The Shattered Jewel
Originating from a Chinese book dated to the Northern Qi dynasty (6th century C.E.), Japanese “gyokusai” translates to shattered jewel: “People of great strength would rather shatter like a jewel into a myriad of fragments, than to live their life as idle and unbroken as a rooftile.” Worked into countless legends, novels, poems, mangas, animes, this Eastern motif has a soulmate in the West: “The light that burns the brightest, burns the shortest.” And whereever there’s a shattered jewel or a light that burns the brightest, there’s a story: And stories is what gyokusai is all about.

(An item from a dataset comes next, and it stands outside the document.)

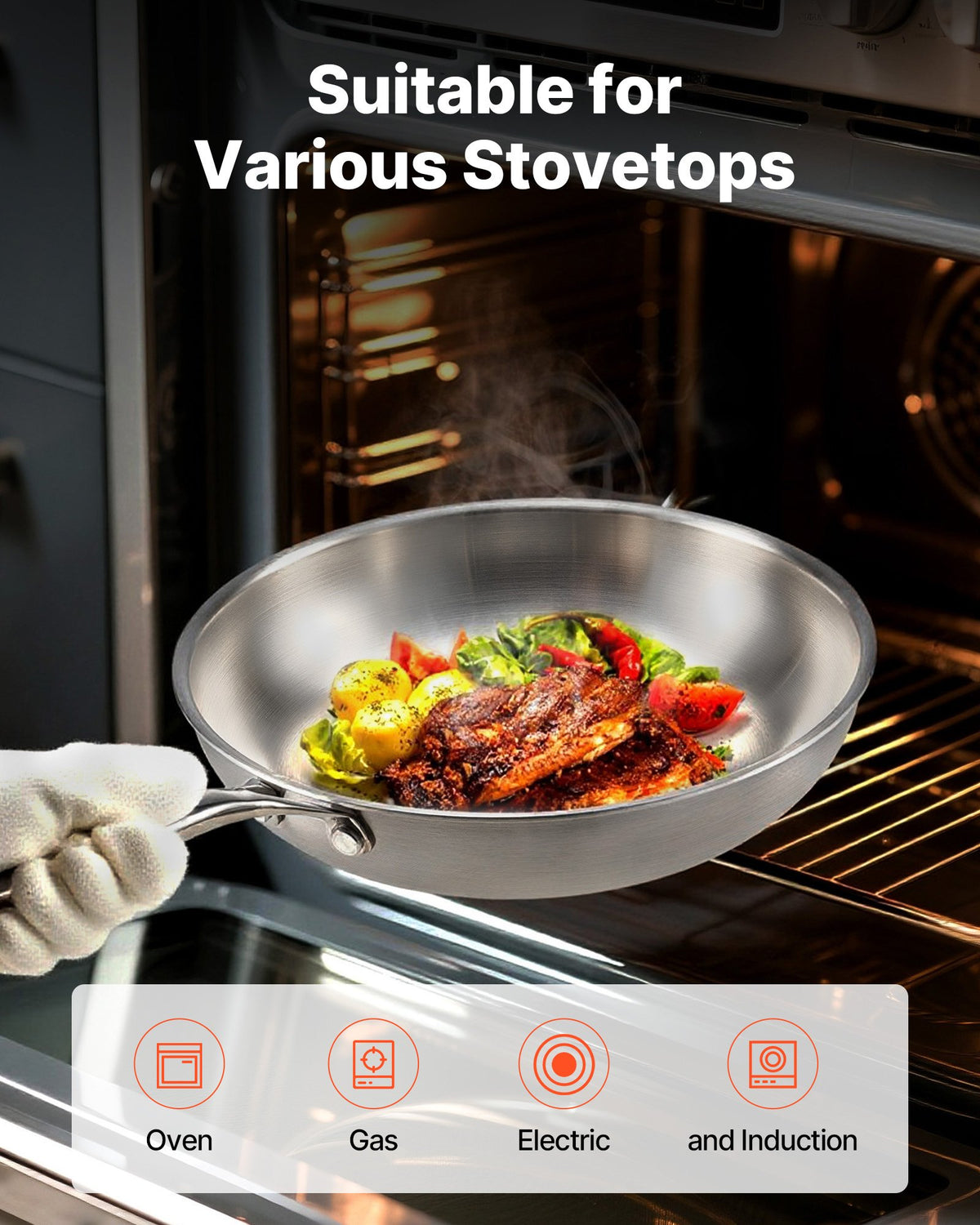 VEVOR Tri-Ply Stainless Steel Frying Pan, 3 Pcs Set (8, 10, 12 in), Cooking Skillet with Heat-Resistant Handle, Chef's Kitchen Cookware, Oven, Gas, Electric, Induction, Dishwasher Compatible, Silver - BXGCGSJTBXG8CNBK6001V0 - view 7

The Shattered Jewel and the Falling Cherry Blossoms
The Shattered Jewel—like the “Falling Cherry Blossoms” and other metaphors relating to death and daring, loyalty and sacrifice—were appropriated by Japan’s crumbling war machinery in the 1940s: To “retrofit” tradition with legitimizing archetypes for mass suicides of soldiers and civilians, for the ghastly battle cry of ichioku gyokusai, the “100 million shattered jewels.” Telling stories is one approach to reclaiming these metaphors, to restore them to contexts where they rightfully belong: to courage and loyalty and the beauty that can lie in adventure, great deeds, and even death.